_The task_
Exactly the lines from the one with "-天玑高空江景餐厅&酒吧Sky Secret Restaurant&Bar" through the final line of the entries, and nothing else, should appear in the answer; no pictures go in it.

_Given data_
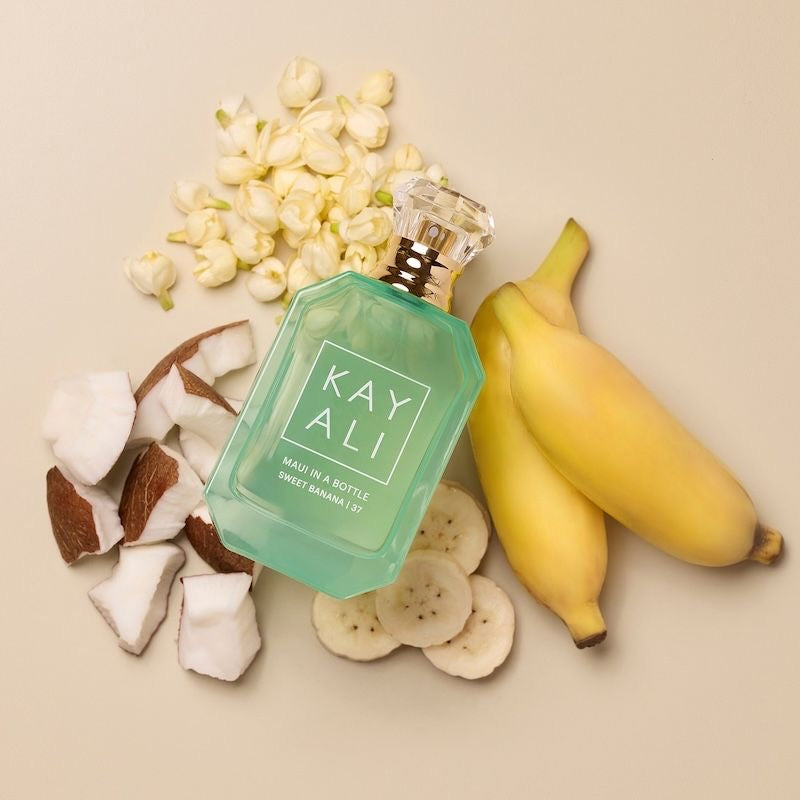KAYALI - Eau De Parfum longue durée
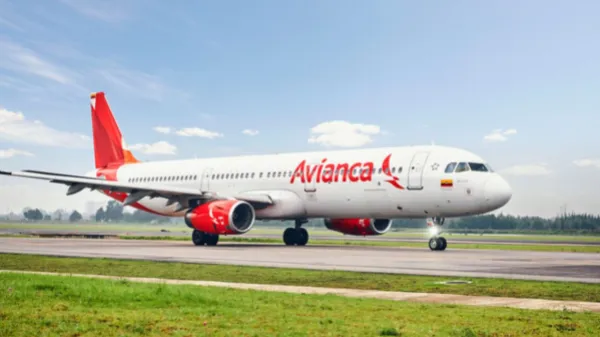 Así puede reprogramar vuelos de Avianca y Latam cancelados por paso del huracán Milton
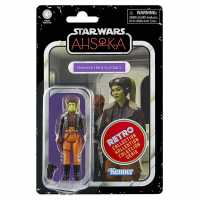 Retro Collection General Hera Syndulla  
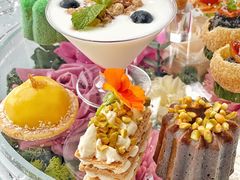 -天玑高空江景餐厅&酒吧Sky Secret Restaurant&Bar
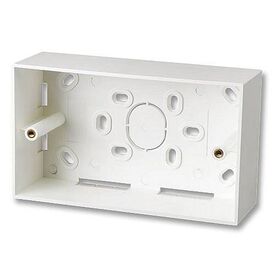 LINDY Surface mount box frame 60524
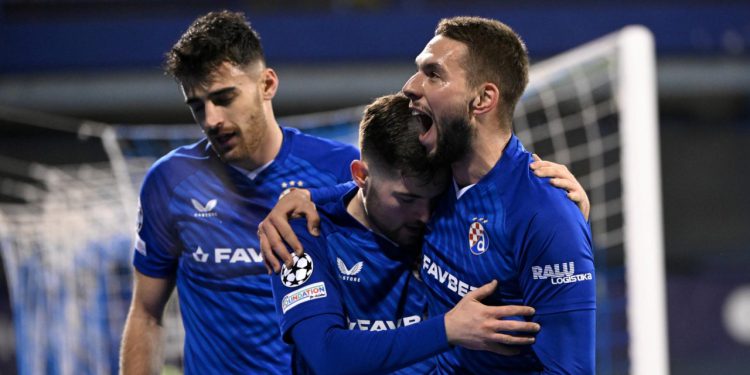 Sportske novosti – Evo zašto se velikani otimaju za Dinamova dragulja: Bolji je od zvijezda Barce i Reala, a samo je jedan ispred!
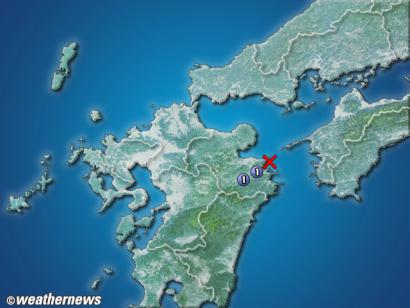 過去の地震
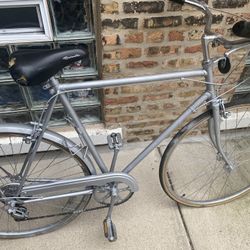 Bike
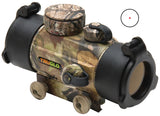 TRU TG-8030A      RED DOT 30MM RED DOT APG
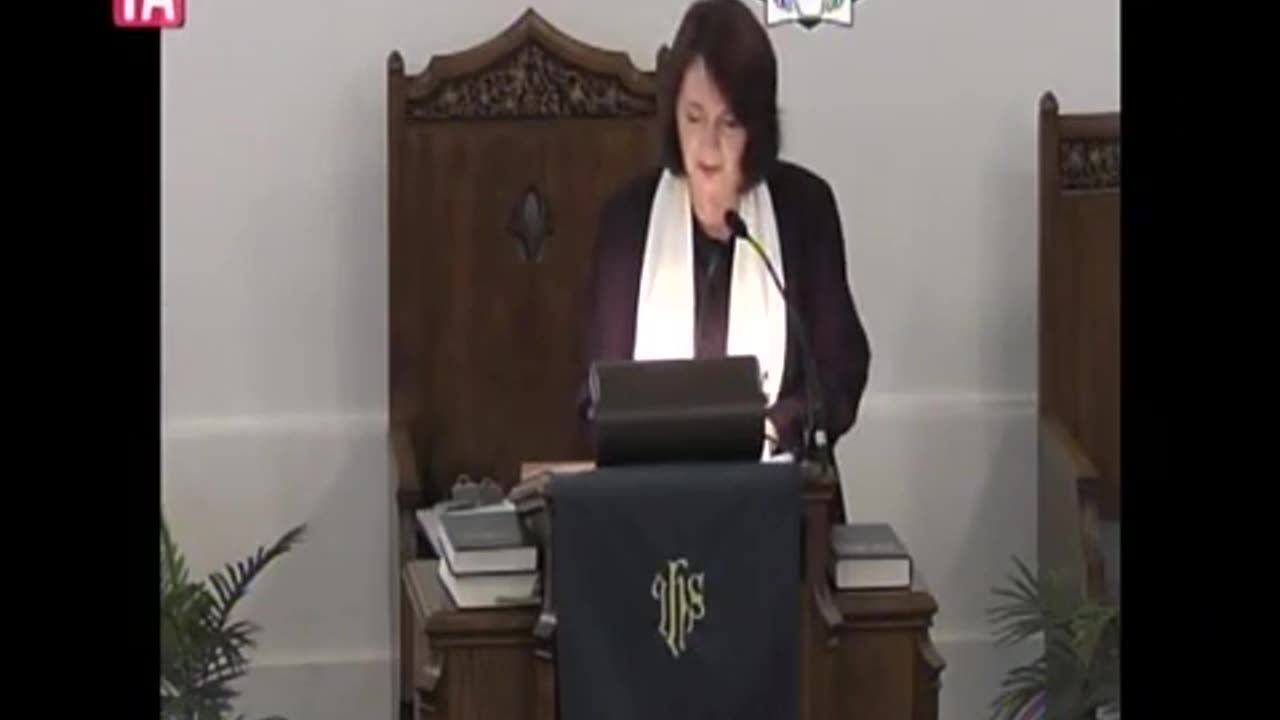 Sermon: Foolish or Wise - By: Rev. Sharon Woomer - Date: 11/6/2011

_Expected output_
 -天玑高空江景餐厅&酒吧Sky Secret Restaurant&Bar
 LINDY Surface mount box frame 60524
 Sportske novosti – Evo zašto se velikani otimaju za Dinamova dragulja: Bolji je od zvijezda Barce i Reala, a samo je jedan ispred!
 過去の地震
 Bike
 TRU TG-8030A      RED DOT 30MM RED DOT APG
 Sermon: Foolish or Wise - By: Rev. Sharon Woomer - Date: 11/6/2011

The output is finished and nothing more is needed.